The atmosphere changed abruptly as a large thickset man in a tartan windcheater, a baseball cap, and a bushy moustache clattered down the stairs, glared around the audience, and shouted:
“Ah’m Cheech! And ah’m here!!”
Shaken from his torpor, the comic blenched. Cheech turned his baleful eye on the stage and started to heckle him. The comic tried to retaliate but it was impossible to shift from his bored Lenny Bruce style to a persona that could have coped with this. He tried a few put-downs but it didn’t work. Cheech was irrepressible.
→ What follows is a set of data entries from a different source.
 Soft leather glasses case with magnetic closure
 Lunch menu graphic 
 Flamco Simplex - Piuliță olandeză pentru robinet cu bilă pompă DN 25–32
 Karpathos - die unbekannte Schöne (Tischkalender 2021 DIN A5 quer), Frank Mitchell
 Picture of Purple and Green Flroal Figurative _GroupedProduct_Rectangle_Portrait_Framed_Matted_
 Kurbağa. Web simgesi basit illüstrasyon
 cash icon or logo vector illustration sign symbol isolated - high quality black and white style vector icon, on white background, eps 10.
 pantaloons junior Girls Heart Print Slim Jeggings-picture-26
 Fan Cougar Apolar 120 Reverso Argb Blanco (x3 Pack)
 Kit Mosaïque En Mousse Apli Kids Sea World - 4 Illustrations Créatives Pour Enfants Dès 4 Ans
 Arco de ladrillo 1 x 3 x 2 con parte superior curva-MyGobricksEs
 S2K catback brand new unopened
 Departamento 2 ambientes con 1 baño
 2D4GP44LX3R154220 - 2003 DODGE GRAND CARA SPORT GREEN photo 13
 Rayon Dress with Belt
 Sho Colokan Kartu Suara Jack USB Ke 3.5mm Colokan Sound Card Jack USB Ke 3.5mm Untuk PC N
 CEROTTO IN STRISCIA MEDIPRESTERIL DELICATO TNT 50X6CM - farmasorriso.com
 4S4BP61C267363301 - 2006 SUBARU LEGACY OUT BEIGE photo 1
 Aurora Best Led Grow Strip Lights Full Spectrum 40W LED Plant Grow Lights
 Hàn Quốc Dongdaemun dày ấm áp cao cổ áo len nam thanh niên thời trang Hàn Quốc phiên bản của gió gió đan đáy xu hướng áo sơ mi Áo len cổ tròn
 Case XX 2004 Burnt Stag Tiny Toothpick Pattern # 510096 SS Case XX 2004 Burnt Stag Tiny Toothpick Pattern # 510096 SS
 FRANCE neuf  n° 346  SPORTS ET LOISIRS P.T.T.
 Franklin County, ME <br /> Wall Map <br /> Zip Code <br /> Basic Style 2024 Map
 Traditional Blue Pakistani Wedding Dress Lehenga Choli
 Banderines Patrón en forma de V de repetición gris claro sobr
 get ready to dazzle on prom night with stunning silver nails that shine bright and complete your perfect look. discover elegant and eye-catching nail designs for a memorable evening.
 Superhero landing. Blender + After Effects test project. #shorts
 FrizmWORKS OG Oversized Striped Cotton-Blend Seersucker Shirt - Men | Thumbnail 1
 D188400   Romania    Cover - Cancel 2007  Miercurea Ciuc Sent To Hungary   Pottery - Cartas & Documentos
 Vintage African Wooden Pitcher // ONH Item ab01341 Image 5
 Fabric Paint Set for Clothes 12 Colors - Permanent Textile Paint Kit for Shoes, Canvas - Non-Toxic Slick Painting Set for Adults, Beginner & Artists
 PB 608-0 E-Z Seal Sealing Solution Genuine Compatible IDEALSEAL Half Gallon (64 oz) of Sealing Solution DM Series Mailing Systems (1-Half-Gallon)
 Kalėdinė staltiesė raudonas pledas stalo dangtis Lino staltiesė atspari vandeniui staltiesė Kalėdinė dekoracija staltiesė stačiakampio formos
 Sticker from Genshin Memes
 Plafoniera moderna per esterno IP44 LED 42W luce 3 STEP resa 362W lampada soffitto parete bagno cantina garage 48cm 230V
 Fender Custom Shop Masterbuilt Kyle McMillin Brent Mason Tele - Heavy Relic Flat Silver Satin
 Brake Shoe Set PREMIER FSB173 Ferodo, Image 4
Then the comic tried to ignore him and addressed the rest of the audience:
“Hey, did you have a good time last Halloween?”
“No,” from Cheech.
Reluctantly, the comic turned and asked: “Oh, why not?”
“I was in jail.”
To which there was no tactful answer and sensibly the comic didn’t try.
Cheech stood up in a chest-beating stance: “I’m from the PRO-JECTS! In CHARLESTOWN!”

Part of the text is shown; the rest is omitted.